Each record below should be printed exactly as it was written.
○ ○ ○ ○ ○
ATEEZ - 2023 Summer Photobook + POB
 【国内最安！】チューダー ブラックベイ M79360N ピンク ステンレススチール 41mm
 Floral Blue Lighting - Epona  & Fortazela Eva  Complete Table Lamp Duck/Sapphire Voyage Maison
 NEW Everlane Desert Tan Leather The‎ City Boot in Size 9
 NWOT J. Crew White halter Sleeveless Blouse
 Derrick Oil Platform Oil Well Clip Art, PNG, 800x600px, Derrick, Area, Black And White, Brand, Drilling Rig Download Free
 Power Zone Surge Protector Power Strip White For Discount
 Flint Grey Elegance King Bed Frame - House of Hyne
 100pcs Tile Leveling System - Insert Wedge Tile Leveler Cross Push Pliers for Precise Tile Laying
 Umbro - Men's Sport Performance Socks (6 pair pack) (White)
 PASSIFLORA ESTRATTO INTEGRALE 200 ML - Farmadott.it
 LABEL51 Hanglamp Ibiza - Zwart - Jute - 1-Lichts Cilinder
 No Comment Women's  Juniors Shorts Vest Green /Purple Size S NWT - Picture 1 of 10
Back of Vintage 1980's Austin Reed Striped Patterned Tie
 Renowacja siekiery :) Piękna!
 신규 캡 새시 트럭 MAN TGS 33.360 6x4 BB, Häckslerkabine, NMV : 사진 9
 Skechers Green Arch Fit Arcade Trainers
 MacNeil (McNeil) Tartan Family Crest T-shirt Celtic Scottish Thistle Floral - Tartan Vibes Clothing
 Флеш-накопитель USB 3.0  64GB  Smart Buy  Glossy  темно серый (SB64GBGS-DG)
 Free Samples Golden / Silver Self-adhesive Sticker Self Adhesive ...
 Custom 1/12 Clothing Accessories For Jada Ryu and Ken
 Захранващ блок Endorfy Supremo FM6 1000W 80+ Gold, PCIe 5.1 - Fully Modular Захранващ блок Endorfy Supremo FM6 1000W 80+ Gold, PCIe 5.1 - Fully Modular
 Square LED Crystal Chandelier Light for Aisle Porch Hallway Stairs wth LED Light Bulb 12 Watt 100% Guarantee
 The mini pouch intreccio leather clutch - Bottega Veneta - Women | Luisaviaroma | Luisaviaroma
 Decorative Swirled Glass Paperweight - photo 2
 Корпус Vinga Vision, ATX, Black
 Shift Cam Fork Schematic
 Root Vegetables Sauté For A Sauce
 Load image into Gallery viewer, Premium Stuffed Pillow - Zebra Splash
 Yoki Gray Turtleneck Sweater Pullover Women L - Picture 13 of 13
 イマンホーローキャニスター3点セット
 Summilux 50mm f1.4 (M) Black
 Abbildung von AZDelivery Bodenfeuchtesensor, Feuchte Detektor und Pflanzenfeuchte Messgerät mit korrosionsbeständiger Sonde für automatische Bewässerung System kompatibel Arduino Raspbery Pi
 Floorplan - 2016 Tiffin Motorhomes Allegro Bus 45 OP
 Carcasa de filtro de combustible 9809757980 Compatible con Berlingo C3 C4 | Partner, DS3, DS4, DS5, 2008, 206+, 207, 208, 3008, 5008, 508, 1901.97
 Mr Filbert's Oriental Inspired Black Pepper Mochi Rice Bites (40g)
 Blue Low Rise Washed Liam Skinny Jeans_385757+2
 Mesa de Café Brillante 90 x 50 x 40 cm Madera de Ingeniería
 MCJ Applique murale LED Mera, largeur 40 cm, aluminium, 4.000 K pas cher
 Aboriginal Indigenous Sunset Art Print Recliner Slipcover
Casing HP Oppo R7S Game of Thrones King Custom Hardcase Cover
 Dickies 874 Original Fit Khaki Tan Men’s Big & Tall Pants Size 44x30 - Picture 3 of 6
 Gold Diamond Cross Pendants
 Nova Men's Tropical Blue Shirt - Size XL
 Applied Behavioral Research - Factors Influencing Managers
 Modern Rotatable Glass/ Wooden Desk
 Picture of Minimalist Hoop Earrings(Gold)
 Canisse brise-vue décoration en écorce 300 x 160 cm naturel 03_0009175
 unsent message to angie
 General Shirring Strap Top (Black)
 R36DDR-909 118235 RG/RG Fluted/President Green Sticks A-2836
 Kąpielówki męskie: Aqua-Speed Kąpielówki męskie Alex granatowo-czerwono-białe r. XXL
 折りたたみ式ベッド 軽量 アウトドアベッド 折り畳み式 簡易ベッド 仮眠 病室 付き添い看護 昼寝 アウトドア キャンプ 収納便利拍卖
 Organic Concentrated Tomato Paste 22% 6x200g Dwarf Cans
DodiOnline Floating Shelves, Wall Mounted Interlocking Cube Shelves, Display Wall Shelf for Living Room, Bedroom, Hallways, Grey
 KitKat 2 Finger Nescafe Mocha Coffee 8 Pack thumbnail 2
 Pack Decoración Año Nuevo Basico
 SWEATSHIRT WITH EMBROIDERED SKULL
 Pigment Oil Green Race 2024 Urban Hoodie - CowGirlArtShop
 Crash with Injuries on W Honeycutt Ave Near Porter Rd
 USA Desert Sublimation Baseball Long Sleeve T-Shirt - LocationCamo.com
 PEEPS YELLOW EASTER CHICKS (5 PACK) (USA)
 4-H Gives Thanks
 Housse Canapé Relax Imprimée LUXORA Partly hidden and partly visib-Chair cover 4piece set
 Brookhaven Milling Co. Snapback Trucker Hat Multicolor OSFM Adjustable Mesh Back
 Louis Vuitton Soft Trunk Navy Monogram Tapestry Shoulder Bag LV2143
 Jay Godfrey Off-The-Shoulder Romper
○ ○ ○ ○ ○
§ Expected answer:
ATEEZ - 2023 Summer Photobook + POB
 【国内最安！】チューダー ブラックベイ M79360N ピンク ステンレススチール 41mm
 Floral Blue Lighting - Epona  & Fortazela Eva  Complete Table Lamp Duck/Sapphire Voyage Maison
 NEW Everlane Desert Tan Leather The‎ City Boot in Size 9
 NWOT J. Crew White halter Sleeveless Blouse
 Derrick Oil Platform Oil Well Clip Art, PNG, 800x600px, Derrick, Area, Black And White, Brand, Drilling Rig Download Free
 Power Zone Surge Protector Power Strip White For Discount
 Flint Grey Elegance King Bed Frame - House of Hyne
 100pcs Tile Leveling System - Insert Wedge Tile Leveler Cross Push Pliers for Precise Tile Laying
 Umbro - Men's Sport Performance Socks (6 pair pack) (White)
 PASSIFLORA ESTRATTO INTEGRALE 200 ML - Farmadott.it
 LABEL51 Hanglamp Ibiza - Zwart - Jute - 1-Lichts Cilinder
 No Comment Women's  Juniors Shorts Vest Green /Purple Size S NWT - Picture 1 of 10
Back of Vintage 1980's Austin Reed Striped Patterned Tie
 Renowacja siekiery :) Piękna!
 신규 캡 새시 트럭 MAN TGS 33.360 6x4 BB, Häckslerkabine, NMV : 사진 9
 Skechers Green Arch Fit Arcade Trainers
 MacNeil (McNeil) Tartan Family Crest T-shirt Celtic Scottish Thistle Floral - Tartan Vibes Clothing
 Флеш-накопитель USB 3.0  64GB  Smart Buy  Glossy  темно серый (SB64GBGS-DG)
 Free Samples Golden / Silver Self-adhesive Sticker Self Adhesive ...
 Custom 1/12 Clothing Accessories For Jada Ryu and Ken
 Захранващ блок Endorfy Supremo FM6 1000W 80+ Gold, PCIe 5.1 - Fully Modular Захранващ блок Endorfy Supremo FM6 1000W 80+ Gold, PCIe 5.1 - Fully Modular
 Square LED Crystal Chandelier Light for Aisle Porch Hallway Stairs wth LED Light Bulb 12 Watt 100% Guarantee
 The mini pouch intreccio leather clutch - Bottega Veneta - Women | Luisaviaroma | Luisaviaroma
 Decorative Swirled Glass Paperweight - photo 2
 Корпус Vinga Vision, ATX, Black
 Shift Cam Fork Schematic
 Root Vegetables Sauté For A Sauce
 Load image into Gallery viewer, Premium Stuffed Pillow - Zebra Splash
 Yoki Gray Turtleneck Sweater Pullover Women L - Picture 13 of 13
 イマンホーローキャニスター3点セット
 Summilux 50mm f1.4 (M) Black
 Abbildung von AZDelivery Bodenfeuchtesensor, Feuchte Detektor und Pflanzenfeuchte Messgerät mit korrosionsbeständiger Sonde für automatische Bewässerung System kompatibel Arduino Raspbery Pi
 Floorplan - 2016 Tiffin Motorhomes Allegro Bus 45 OP
 Carcasa de filtro de combustible 9809757980 Compatible con Berlingo C3 C4 | Partner, DS3, DS4, DS5, 2008, 206+, 207, 208, 3008, 5008, 508, 1901.97
 Mr Filbert's Oriental Inspired Black Pepper Mochi Rice Bites (40g)
 Blue Low Rise Washed Liam Skinny Jeans_385757+2
 Mesa de Café Brillante 90 x 50 x 40 cm Madera de Ingeniería
 MCJ Applique murale LED Mera, largeur 40 cm, aluminium, 4.000 K pas cher
 Aboriginal Indigenous Sunset Art Print Recliner Slipcover
Casing HP Oppo R7S Game of Thrones King Custom Hardcase Cover
 Dickies 874 Original Fit Khaki Tan Men’s Big & Tall Pants Size 44x30 - Picture 3 of 6
 Gold Diamond Cross Pendants
 Nova Men's Tropical Blue Shirt - Size XL
 Applied Behavioral Research - Factors Influencing Managers
 Modern Rotatable Glass/ Wooden Desk
 Picture of Minimalist Hoop Earrings(Gold)
 Canisse brise-vue décoration en écorce 300 x 160 cm naturel 03_0009175
 unsent message to angie
 General Shirring Strap Top (Black)
 R36DDR-909 118235 RG/RG Fluted/President Green Sticks A-2836
 Kąpielówki męskie: Aqua-Speed Kąpielówki męskie Alex granatowo-czerwono-białe r. XXL
 折りたたみ式ベッド 軽量 アウトドアベッド 折り畳み式 簡易ベッド 仮眠 病室 付き添い看護 昼寝 アウトドア キャンプ 収納便利拍卖
 Organic Concentrated Tomato Paste 22% 6x200g Dwarf Cans
DodiOnline Floating Shelves, Wall Mounted Interlocking Cube Shelves, Display Wall Shelf for Living Room, Bedroom, Hallways, Grey
 KitKat 2 Finger Nescafe Mocha Coffee 8 Pack thumbnail 2
 Pack Decoración Año Nuevo Basico
 SWEATSHIRT WITH EMBROIDERED SKULL
 Pigment Oil Green Race 2024 Urban Hoodie - CowGirlArtShop
 Crash with Injuries on W Honeycutt Ave Near Porter Rd
 USA Desert Sublimation Baseball Long Sleeve T-Shirt - LocationCamo.com
 PEEPS YELLOW EASTER CHICKS (5 PACK) (USA)
 4-H Gives Thanks
 Housse Canapé Relax Imprimée LUXORA Partly hidden and partly visib-Chair cover 4piece set
 Brookhaven Milling Co. Snapback Trucker Hat Multicolor OSFM Adjustable Mesh Back
 Louis Vuitton Soft Trunk Navy Monogram Tapestry Shoulder Bag LV2143
 Jay Godfrey Off-The-Shoulder Romper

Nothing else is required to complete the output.